Copy the listing exactly, leaving out every picture.

─── Data extract ───

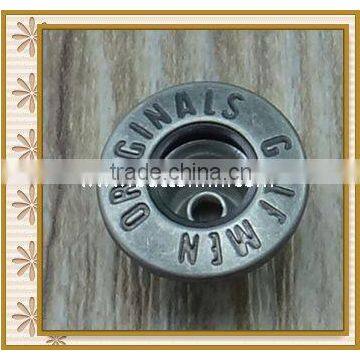 Factory wholesale metal garment button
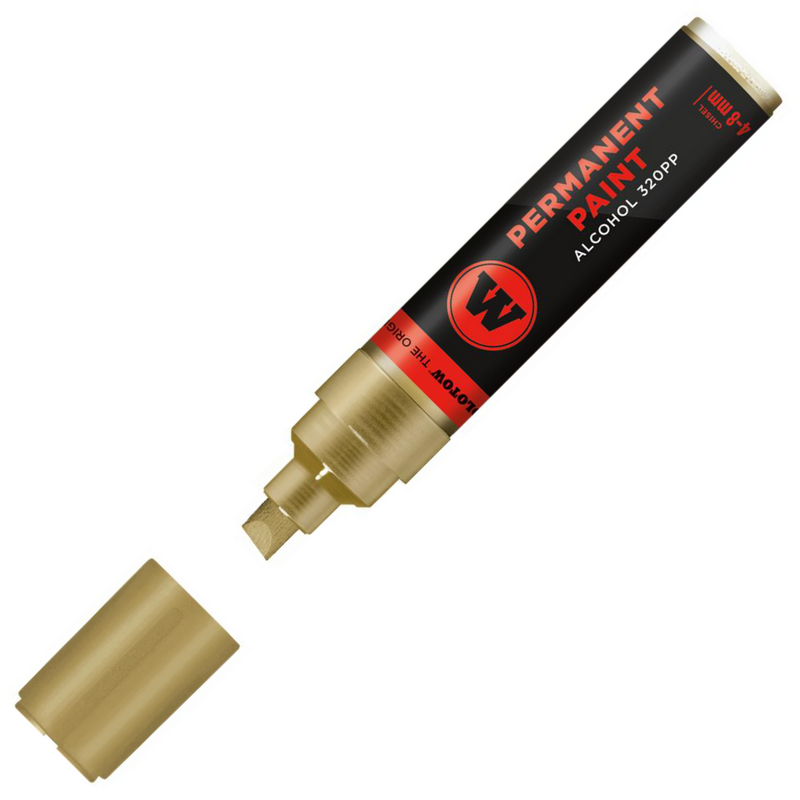 Lihová fixa MOLOTOW permanentní Paint Marker 4-8mm, gold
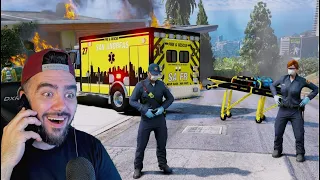 ACIL AMBULANSLAR OYUNDA NEREYE GIDER? - GTA 5 MODS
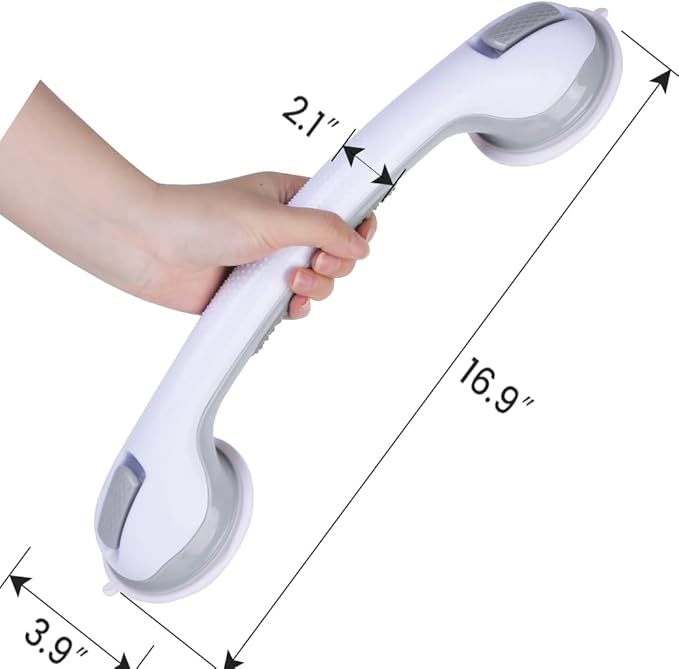 Grab Bars for Bathtubs and Showers,(2 Pack)Shower Handles for Elderly Seniors bar Bars Safety Elderly Suction 500 lbs Cup and Walls bathtubs Handicap Heavy Duty Grabbers Wall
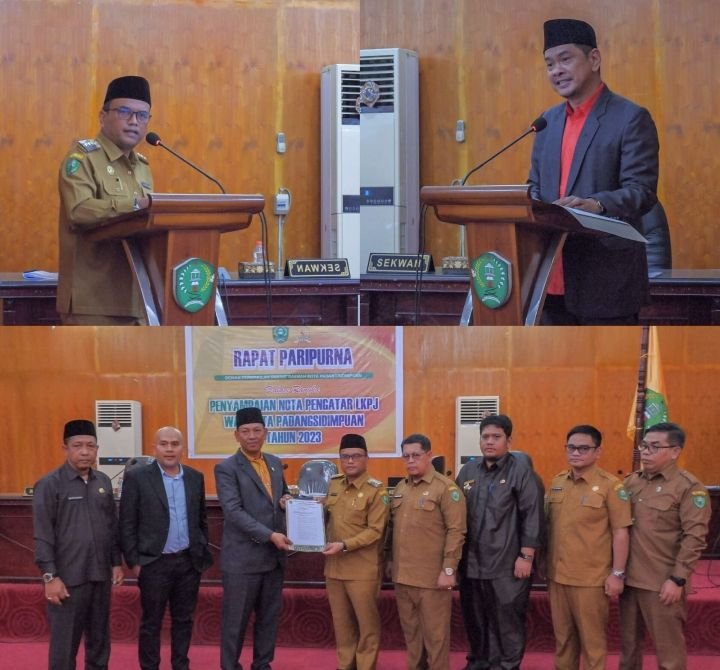 Pj Walikota Padangsidimpuan sampaikan Rekomendasi LKPJ TA 2023 Pada Rapat Paripurna di DPRD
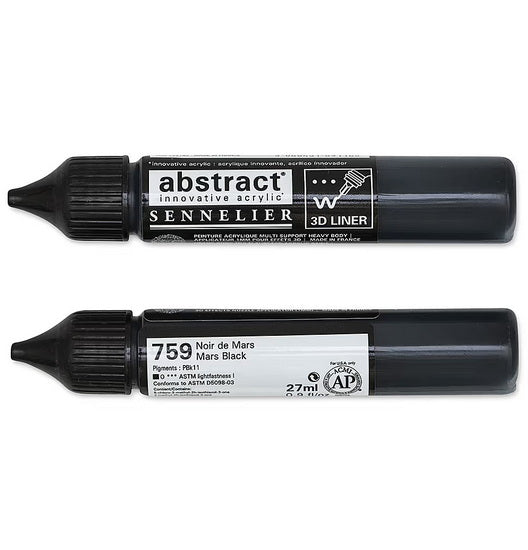 Acrylic marker - abstract - 27ml - mars black
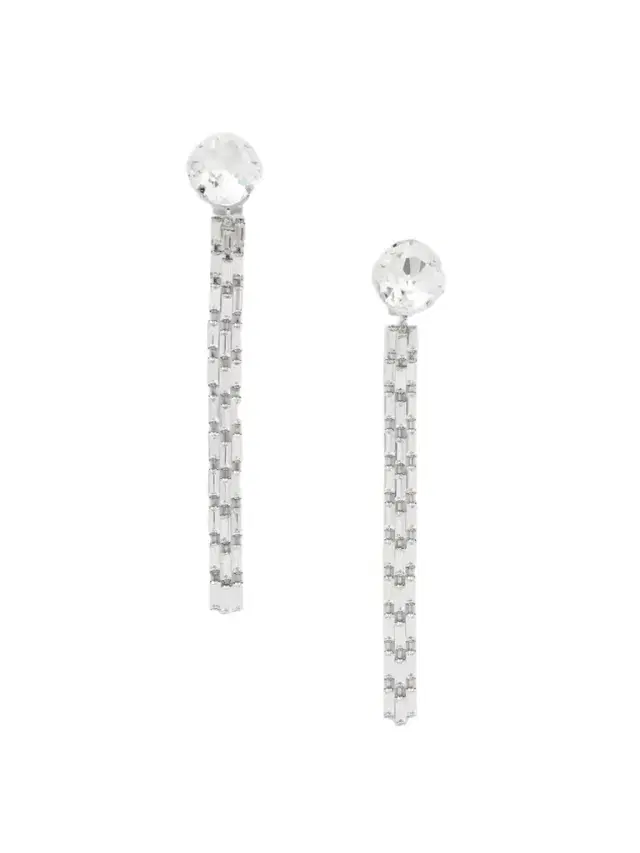 Alessandra Rich tone Crystal Clip Earrings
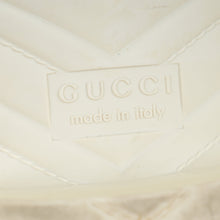 Gucci Ivory White Logo Rubber Slide Sandal 38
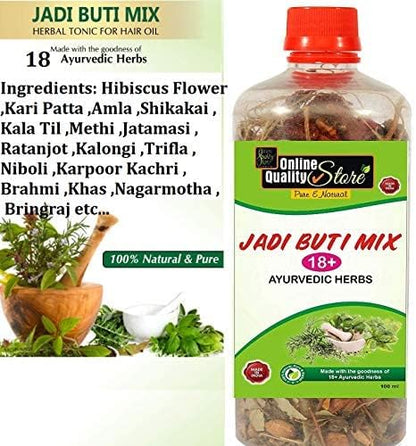 Online Quality Store Jadibuti/jadibutty for Hair Fall, Dandruff- Pack of 1 (100gms)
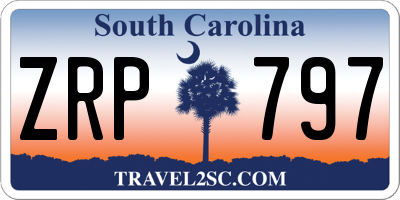 SC license plate ZRP797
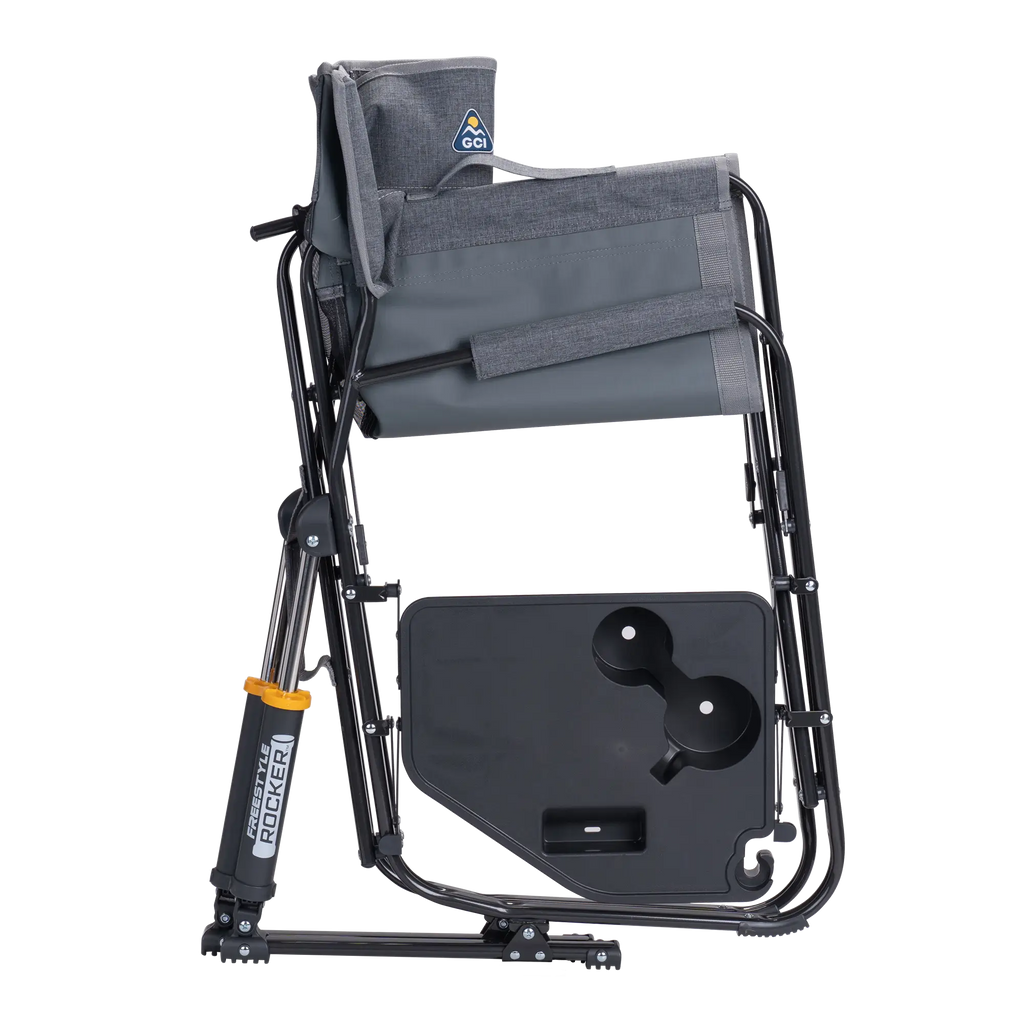 Smooth Motion Freestyle Rocker with Side Table - Choice 853 - Patented Spring-Action Rocking Chair for Camping Detail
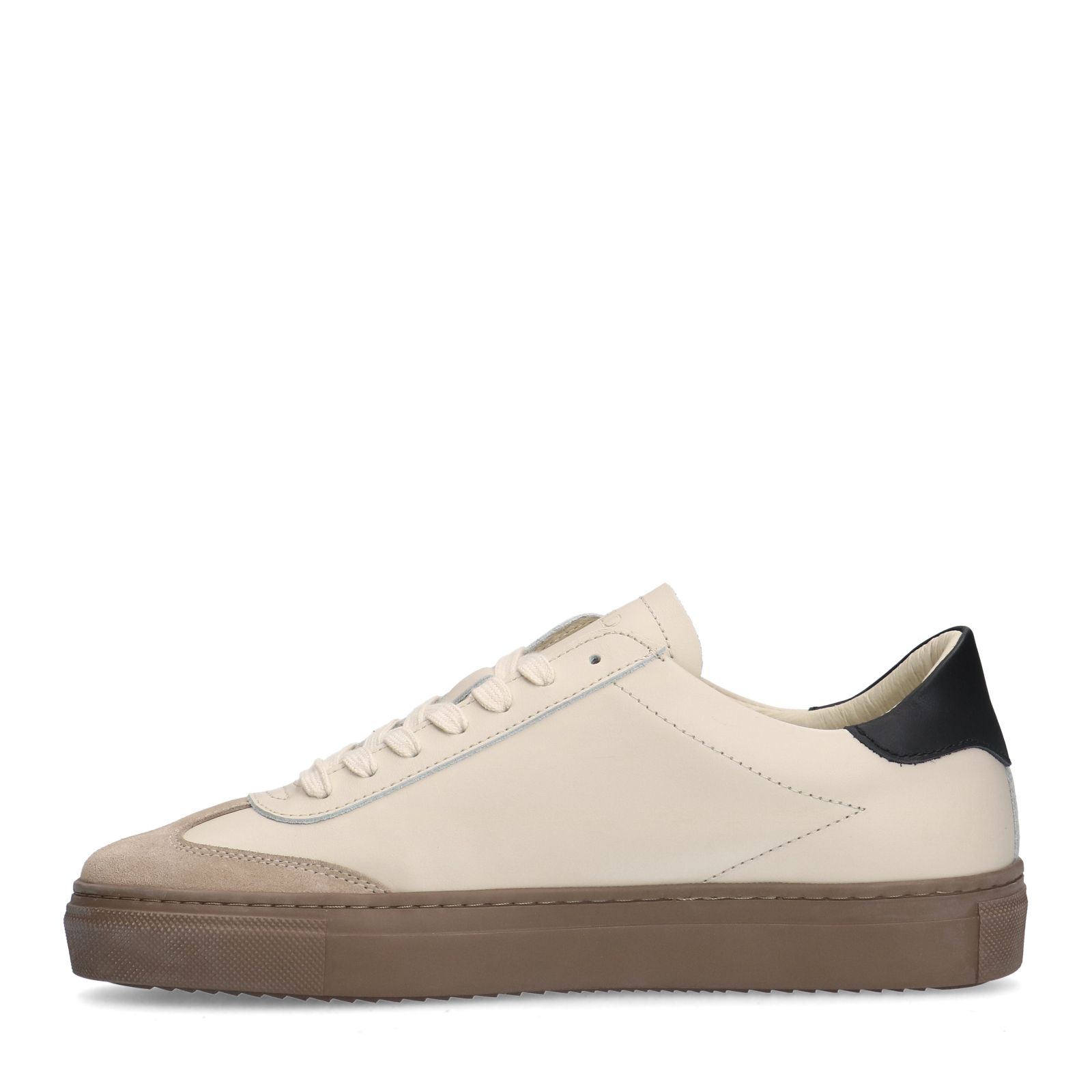 Beige leren sneakers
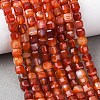 Natural Banded Agate/Striped Agate Beads Strands G-G005-B02-01A-1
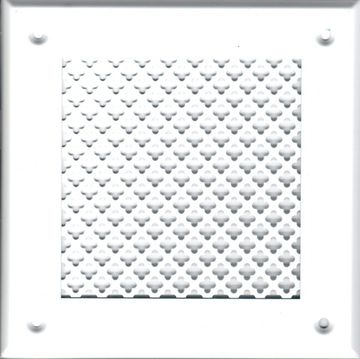 Решётка 150*150 белая, мелкий цветок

───

### Exercise result
 Factory wholesale metal garment button
 Lihová fixa MOLOTOW permanentní Paint Marker 4-8mm, gold
 ACIL AMBULANSLAR OYUNDA NEREYE GIDER? - GTA 5 MODS
 Grab Bars for Bathtubs and Showers,(2 Pack)Shower Handles for Elderly Seniors bar Bars Safety Elderly Suction 500 lbs Cup and Walls bathtubs Handicap Heavy Duty Grabbers Wall
 Pj Walikota Padangsidimpuan sampaikan Rekomendasi LKPJ TA 2023 Pada Rapat Paripurna di DPRD
 Acrylic marker - abstract - 27ml - mars black
 Alessandra Rich tone Crystal Clip Earrings
 Gucci Ivory White Logo Rubber Slide Sandal 38
 Online Quality Store Jadibuti/jadibutty for Hair Fall, Dandruff- Pack of 1 (100gms)
 SC license plate ZRP797
 Smooth Motion Freestyle Rocker with Side Table - Choice 853 - Patented Spring-Action Rocking Chair for Camping Detail
 Beige leren sneakers
 Natural Banded Agate/Striped Agate Beads Strands G-G005-B02-01A-1
 Решётка 150*150 белая, мелкий цветок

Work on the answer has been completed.